Aujourd’hui plus que jamais, ceux qui ont choisi les valeurs de la démocratie et de la république (égalité des citoyens, loi unique et suffrage universel), sont placés devant leurs responsabilités avec l’application des accords dits « classiques » et « moderne » conclus dans notre pays. Plus que jamais ils auront à peser le poids des gestions irresponsables et calamiteuses successifs basées sur la force des armes et la violence politique depuis trente ans. Il leur sera difficile de tenir des postes de responsabilités vidées de leur substance, où les leviers de décision et les moyens répondent d’ailleurs, de l’informel. Au premier plan de l’accord du 13 août 2007 sont alignés les leaders appartenant à une génération qui n’a que très peu de temps pour convaincre, parce que l’existence de deux générations intermédiaires ayant déjà été hypothéquée. Cependant, il faut encourager des personnalités telles que le président Lol Mahamat Choua ou Ibni Oumar Mahamat Saleh qui sont la démonstration irréfutable que les « nordistes » ne sont pas forcément synonymes d’adeptes de la violence politique, du tribalisme dominateur ou ennemis de la démocratie pluraliste, pour briser certains clichés répandus, à cause justement de la propension à la rébellion armée dans le grand « Nord » !

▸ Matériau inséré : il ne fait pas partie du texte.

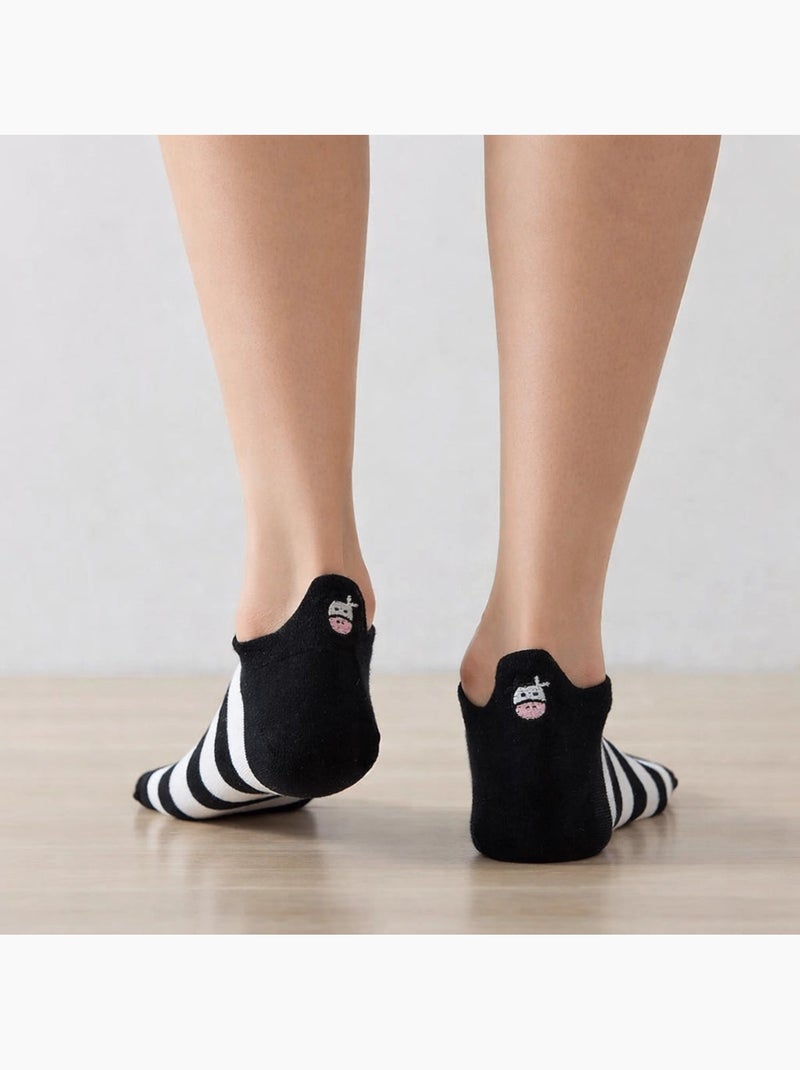 Lot de 4 Chaussettes Languette Vache Noir Blanc - Kiabi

Gageons que la baraka exceptionnelle et la longue expérience du général IDI permettront de concilier toutes ces contradictions évidentes, pour que l’horizon s’éclaire un peu pour les tchadiens ? Car si les politico-militaires n’ont pas été capables de s’entendre, après l’avoir chargé de tous les noms d’oiseaux, et finissent par se remettre à lui pour garantir leur place au soleil, n’est-ce pas de leur part l’aveu que sa « mission n’est pas encore terminée », en termes militaires ? Certains observateurs avertis craignent qu’un climat de cacophonie et de tensions genre ex-GUNT ne s’instaure dans le pays, par trop de contradictions en face. Si la confiance devrait revenir entre les tchadiens durablement, il faudrait que la normalité républicaine prenne le pas sur l’éternel conjoncturel. Sinon, nous reviendrons à la case départ d’ici peu, pour aller où encore ? Ya djamââh ????